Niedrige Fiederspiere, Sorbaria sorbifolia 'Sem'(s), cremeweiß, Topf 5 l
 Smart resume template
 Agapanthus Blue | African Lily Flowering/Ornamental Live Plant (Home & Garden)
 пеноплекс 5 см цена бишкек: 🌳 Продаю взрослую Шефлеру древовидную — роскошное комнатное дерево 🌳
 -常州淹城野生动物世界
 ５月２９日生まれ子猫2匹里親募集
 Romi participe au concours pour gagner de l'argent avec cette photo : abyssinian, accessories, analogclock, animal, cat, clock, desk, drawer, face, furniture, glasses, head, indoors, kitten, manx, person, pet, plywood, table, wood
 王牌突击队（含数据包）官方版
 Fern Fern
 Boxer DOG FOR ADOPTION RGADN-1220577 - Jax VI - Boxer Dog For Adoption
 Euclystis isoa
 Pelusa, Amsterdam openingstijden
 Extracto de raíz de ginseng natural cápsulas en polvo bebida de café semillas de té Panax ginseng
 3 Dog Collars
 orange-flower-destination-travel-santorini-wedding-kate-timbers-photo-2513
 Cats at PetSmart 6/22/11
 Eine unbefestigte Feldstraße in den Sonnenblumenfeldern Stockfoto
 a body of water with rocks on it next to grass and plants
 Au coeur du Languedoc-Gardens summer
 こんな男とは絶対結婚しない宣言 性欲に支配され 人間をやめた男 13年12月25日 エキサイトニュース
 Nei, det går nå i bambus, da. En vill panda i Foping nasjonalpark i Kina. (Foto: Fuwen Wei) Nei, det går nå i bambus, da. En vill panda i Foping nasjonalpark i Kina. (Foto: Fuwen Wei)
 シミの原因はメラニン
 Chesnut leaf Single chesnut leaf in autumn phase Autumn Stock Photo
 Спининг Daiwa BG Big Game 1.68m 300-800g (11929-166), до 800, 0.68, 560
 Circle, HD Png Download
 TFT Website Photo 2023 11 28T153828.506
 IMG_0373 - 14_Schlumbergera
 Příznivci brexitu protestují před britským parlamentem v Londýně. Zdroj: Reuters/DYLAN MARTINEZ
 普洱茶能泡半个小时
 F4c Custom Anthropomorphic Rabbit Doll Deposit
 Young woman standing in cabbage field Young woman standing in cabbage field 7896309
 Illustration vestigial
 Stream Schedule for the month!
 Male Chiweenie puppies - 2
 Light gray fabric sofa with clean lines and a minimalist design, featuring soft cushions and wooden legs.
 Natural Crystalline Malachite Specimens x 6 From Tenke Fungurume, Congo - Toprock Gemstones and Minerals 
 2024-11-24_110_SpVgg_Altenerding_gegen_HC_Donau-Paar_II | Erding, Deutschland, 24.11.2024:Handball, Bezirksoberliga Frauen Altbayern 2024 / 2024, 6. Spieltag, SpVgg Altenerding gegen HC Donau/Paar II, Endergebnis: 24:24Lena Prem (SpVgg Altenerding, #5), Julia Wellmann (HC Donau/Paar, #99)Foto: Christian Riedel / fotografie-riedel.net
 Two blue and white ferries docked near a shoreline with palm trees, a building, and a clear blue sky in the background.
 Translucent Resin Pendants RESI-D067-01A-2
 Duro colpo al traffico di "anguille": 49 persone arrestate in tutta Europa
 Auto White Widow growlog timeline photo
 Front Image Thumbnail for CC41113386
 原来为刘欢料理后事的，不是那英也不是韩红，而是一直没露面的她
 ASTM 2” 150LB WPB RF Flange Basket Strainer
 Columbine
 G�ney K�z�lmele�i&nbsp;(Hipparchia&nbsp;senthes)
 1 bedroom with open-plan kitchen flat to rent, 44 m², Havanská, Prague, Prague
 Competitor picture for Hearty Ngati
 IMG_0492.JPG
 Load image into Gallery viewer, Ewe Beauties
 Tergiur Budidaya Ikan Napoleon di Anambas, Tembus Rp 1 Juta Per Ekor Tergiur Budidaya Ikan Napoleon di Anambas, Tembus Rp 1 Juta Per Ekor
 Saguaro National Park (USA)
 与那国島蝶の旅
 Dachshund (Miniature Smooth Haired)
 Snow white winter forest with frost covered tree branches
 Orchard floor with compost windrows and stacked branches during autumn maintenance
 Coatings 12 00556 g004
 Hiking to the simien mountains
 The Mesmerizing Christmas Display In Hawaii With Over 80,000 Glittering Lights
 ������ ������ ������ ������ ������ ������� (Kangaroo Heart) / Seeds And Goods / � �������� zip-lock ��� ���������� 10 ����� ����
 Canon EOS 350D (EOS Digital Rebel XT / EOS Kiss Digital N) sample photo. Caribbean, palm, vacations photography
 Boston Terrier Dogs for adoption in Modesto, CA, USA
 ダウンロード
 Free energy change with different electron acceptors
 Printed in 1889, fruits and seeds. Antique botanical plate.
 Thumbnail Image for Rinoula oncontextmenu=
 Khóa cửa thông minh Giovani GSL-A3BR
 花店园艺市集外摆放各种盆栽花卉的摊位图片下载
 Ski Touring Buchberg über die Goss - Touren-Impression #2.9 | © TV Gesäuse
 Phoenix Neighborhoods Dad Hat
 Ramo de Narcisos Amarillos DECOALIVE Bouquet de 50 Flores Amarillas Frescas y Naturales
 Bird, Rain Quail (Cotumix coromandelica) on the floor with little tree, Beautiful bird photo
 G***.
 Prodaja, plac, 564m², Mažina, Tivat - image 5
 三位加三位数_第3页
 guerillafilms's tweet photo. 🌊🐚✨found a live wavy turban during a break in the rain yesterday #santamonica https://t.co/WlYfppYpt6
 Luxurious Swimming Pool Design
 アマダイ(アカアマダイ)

□ □ □ □

* _Problem requirements_:
Return the records given above in their entirety, word for word.

* _Answer space_:
Niedrige Fiederspiere, Sorbaria sorbifolia 'Sem'(s), cremeweiß, Topf 5 l
 Smart resume template
 Agapanthus Blue | African Lily Flowering/Ornamental Live Plant (Home & Garden)
 пеноплекс 5 см цена бишкек: 🌳 Продаю взрослую Шефлеру древовидную — роскошное комнатное дерево 🌳
 -常州淹城野生动物世界
 ５月２９日生まれ子猫2匹里親募集
 Romi participe au concours pour gagner de l'argent avec cette photo : abyssinian, accessories, analogclock, animal, cat, clock, desk, drawer, face, furniture, glasses, head, indoors, kitten, manx, person, pet, plywood, table, wood
 王牌突击队（含数据包）官方版
 Fern Fern
 Boxer DOG FOR ADOPTION RGADN-1220577 - Jax VI - Boxer Dog For Adoption
 Euclystis isoa
 Pelusa, Amsterdam openingstijden
 Extracto de raíz de ginseng natural cápsulas en polvo bebida de café semillas de té Panax ginseng
 3 Dog Collars
 orange-flower-destination-travel-santorini-wedding-kate-timbers-photo-2513
 Cats at PetSmart 6/22/11
 Eine unbefestigte Feldstraße in den Sonnenblumenfeldern Stockfoto
 a body of water with rocks on it next to grass and plants
 Au coeur du Languedoc-Gardens summer
 こんな男とは絶対結婚しない宣言 性欲に支配され 人間をやめた男 13年12月25日 エキサイトニュース
 Nei, det går nå i bambus, da. En vill panda i Foping nasjonalpark i Kina. (Foto: Fuwen Wei) Nei, det går nå i bambus, da. En vill panda i Foping nasjonalpark i Kina. (Foto: Fuwen Wei)
 シミの原因はメラニン
 Chesnut leaf Single chesnut leaf in autumn phase Autumn Stock Photo
 Спининг Daiwa BG Big Game 1.68m 300-800g (11929-166), до 800, 0.68, 560
 Circle, HD Png Download
 TFT Website Photo 2023 11 28T153828.506
 IMG_0373 - 14_Schlumbergera
 Příznivci brexitu protestují před britským parlamentem v Londýně. Zdroj: Reuters/DYLAN MARTINEZ
 普洱茶能泡半个小时
 F4c Custom Anthropomorphic Rabbit Doll Deposit
 Young woman standing in cabbage field Young woman standing in cabbage field 7896309
 Illustration vestigial
 Stream Schedule for the month!
 Male Chiweenie puppies - 2
 Light gray fabric sofa with clean lines and a minimalist design, featuring soft cushions and wooden legs.
 Natural Crystalline Malachite Specimens x 6 From Tenke Fungurume, Congo - Toprock Gemstones and Minerals 
 2024-11-24_110_SpVgg_Altenerding_gegen_HC_Donau-Paar_II | Erding, Deutschland, 24.11.2024:Handball, Bezirksoberliga Frauen Altbayern 2024 / 2024, 6. Spieltag, SpVgg Altenerding gegen HC Donau/Paar II, Endergebnis: 24:24Lena Prem (SpVgg Altenerding, #5), Julia Wellmann (HC Donau/Paar, #99)Foto: Christian Riedel / fotografie-riedel.net
 Two blue and white ferries docked near a shoreline with palm trees, a building, and a clear blue sky in the background.
 Translucent Resin Pendants RESI-D067-01A-2
 Duro colpo al traffico di "anguille": 49 persone arrestate in tutta Europa
 Auto White Widow growlog timeline photo
 Front Image Thumbnail for CC41113386
 原来为刘欢料理后事的，不是那英也不是韩红，而是一直没露面的她
 ASTM 2” 150LB WPB RF Flange Basket Strainer
 Columbine
 G�ney K�z�lmele�i&nbsp;(Hipparchia&nbsp;senthes)
 1 bedroom with open-plan kitchen flat to rent, 44 m², Havanská, Prague, Prague
 Competitor picture for Hearty Ngati
 IMG_0492.JPG
 Load image into Gallery viewer, Ewe Beauties
 Tergiur Budidaya Ikan Napoleon di Anambas, Tembus Rp 1 Juta Per Ekor Tergiur Budidaya Ikan Napoleon di Anambas, Tembus Rp 1 Juta Per Ekor
 Saguaro National Park (USA)
 与那国島蝶の旅
 Dachshund (Miniature Smooth Haired)
 Snow white winter forest with frost covered tree branches
 Orchard floor with compost windrows and stacked branches during autumn maintenance
 Coatings 12 00556 g004
 Hiking to the simien mountains
 The Mesmerizing Christmas Display In Hawaii With Over 80,000 Glittering Lights
 ������ ������ ������ ������ ������ ������� (Kangaroo Heart) / Seeds And Goods / � �������� zip-lock ��� ���������� 10 ����� ����
 Canon EOS 350D (EOS Digital Rebel XT / EOS Kiss Digital N) sample photo. Caribbean, palm, vacations photography
 Boston Terrier Dogs for adoption in Modesto, CA, USA
 ダウンロード
 Free energy change with different electron acceptors
 Printed in 1889, fruits and seeds. Antique botanical plate.
 Thumbnail Image for Rinoula oncontextmenu=
 Khóa cửa thông minh Giovani GSL-A3BR
 花店园艺市集外摆放各种盆栽花卉的摊位图片下载
 Ski Touring Buchberg über die Goss - Touren-Impression #2.9 | © TV Gesäuse
 Phoenix Neighborhoods Dad Hat
 Ramo de Narcisos Amarillos DECOALIVE Bouquet de 50 Flores Amarillas Frescas y Naturales
 Bird, Rain Quail (Cotumix coromandelica) on the floor with little tree, Beautiful bird photo
 G***.
 Prodaja, plac, 564m², Mažina, Tivat - image 5
 三位加三位数_第3页
 guerillafilms's tweet photo. 🌊🐚✨found a live wavy turban during a break in the rain yesterday #santamonica https://t.co/WlYfppYpt6
 Luxurious Swimming Pool Design
 アマダイ(アカアマダイ)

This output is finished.